While doing my undergraduate degree in civil engineering, I completed various modules targeting water and sanitation. The concepts surrounding water, including the hydrological cycle, water use and its significant role in society and the environment, were particularly intriguing. This prompted me to undertake two student placements in a water and sanitation planning, design, and supervision consultancy, where my interest was further aroused. As a result, I decided to further my professional experience in the water sector. After my undergraduate studies, I joined a water construction company specialising in water and sanitation infrastructure for three years and nine months. My experience working in that organisation enabled me to interact with several professionals in the field of water. These interactions reinforced my dedication to working in the sector and significantly changed my perspective on water issues in my country and globally. I also understood the need for better water management as a resource, especially regarding changing climate and demographics. I, therefore, decided to further my education by studying an MSc in Water to better my understanding of these concepts.

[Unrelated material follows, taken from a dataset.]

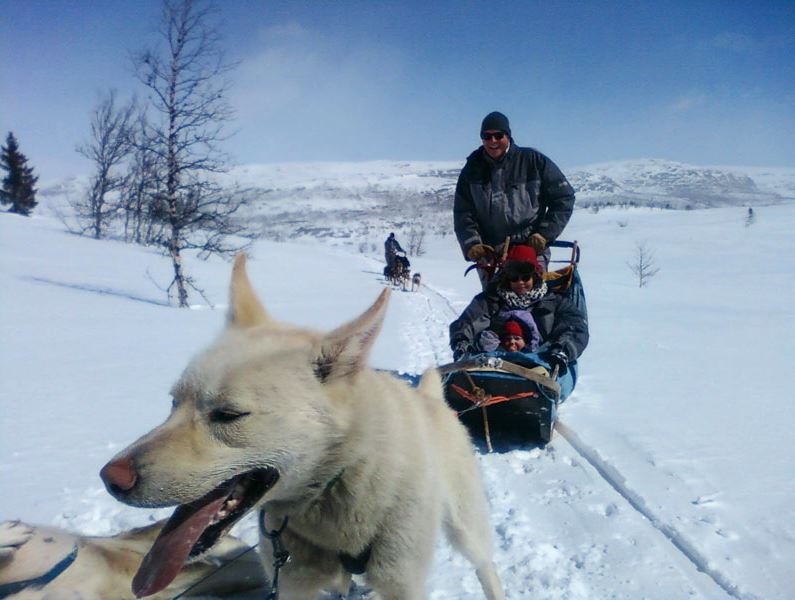 Afbeelding van Hondensledetocht Beitostolen Husky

The Kenyan population has grown exponentially over the last two decades. This growth has been more significant in urban areas like Nairobi, and the pressure on water resources has increased tremendously. This, coupled with climate variability in the Kenyan water towers, has made it very difficult to meet the domestic water demand in such big cities and rural areas in Kenya. These water towers have faced significant degradation over the last few years, with the effects already being felt. Droughts are much more common in Kenya than before. Further, increasing populations in cities and towns is presenting a rising concern on the pollution of our surface waters.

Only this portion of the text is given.